72 Hours in St Simons Island, Georgia
Day 1 – 72 Hours in St Simons Island
Annoyed. I’m running late for the welcome reception at the King and Prince Beach & Golf Resort on St Simons Island, Georgia, racing the clock to get there at a reasonable time. Traffic, as they say in the South, is moving “slower than molasses.” I’m tempted to honk at the little old lady in front of me but stop myself. She’s only obeying the 25 MPH speed limit signs. I take a deep breath, open my sunroof, and breath in the canopy of live oaks that shade the road.
I arrive at the King and Prince just a few minutes late and sneak into the welcome reception, hoping nobody will notice my tardiness. I wanted to check into my room and freshen up before our scheduled trolley tour, but those plans will have to wait until after the tour. A few welcome cocktails calm my nerves from the four-hour drive and prepare me to embrace island life over the next three days.
I stare up at one of the live oak trees that shade the front lawn of the Christ Church Frederica and experience a Zen like moment. This church is way more than its nineteenth century bones. It was on this spot that John Wesley had his epiphany and wrote the letter outlining the principals that birthed the Methodist Church. I pay a silent homage to the founder of the church both my wife and I grew up in.
The second stop on our trolley tour is Fort Frederica. Little is left of this once massive fort except for the foundations of buildings and outlines of roads. Yet, those stones serve as a chilly reminder of St Simons Island’s pivotal role in the history of our country. Ft Frederica is where the Battle of Bloody Marsh was fought between British and Spanish forces. Through the brave efforts of the Ft Frederica’s troops, Georgia remained a British colony.
I’m back in St Simons’ crawling traffic, headed to the drug store to pick up a few items I forgot at home. Of course, I didn’t realize I forgot those items until the last possible moment. Once again, I’m cutting the clock close as I try to embrace island time while fighting the push of city time. My sunroof is open. A few leaves fall in. I let it go.
I experience another Zen-like moment. This time over the shrimp and grits – a recipe I’ve been attempting to perfect since moving to the South ten years ago. As simple as they sound, my grits never quite turn out right. Chef de Cuisine James Flack of King and Prince’s ECHO restaurant reveals the secret of cooking grits in his live demonstration. I, as his eager student, take thorough notes, ready to replicate the process at home. The secret is to cook them low and slow. The secret is also to use only the freshest shrimp. In the case of ECHO, sweet Macintosh shrimp caught in the waters off St Simons Island.

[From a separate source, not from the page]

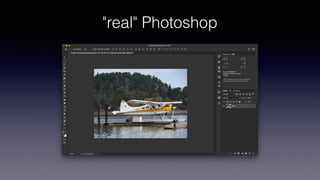 "real" Photoshop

Day 2 – 72 Hours in St Simons Island
I want to throw my pillow across the room. Why oh why can’t my internal alarm clock allow me to sleep in! I have three baby-free nights of un-interrupted sleep ahead of me, perfect for refilling my sleep deprived tanks, and yet, I’m still up before the sun. I shower, pour a cup of coffee, and open the curtains on my balcony to morning’s first light on the Atlantic Ocean. The colors of the ocean and sky come alive. I forget that moments earlier I’d rather be sleeping.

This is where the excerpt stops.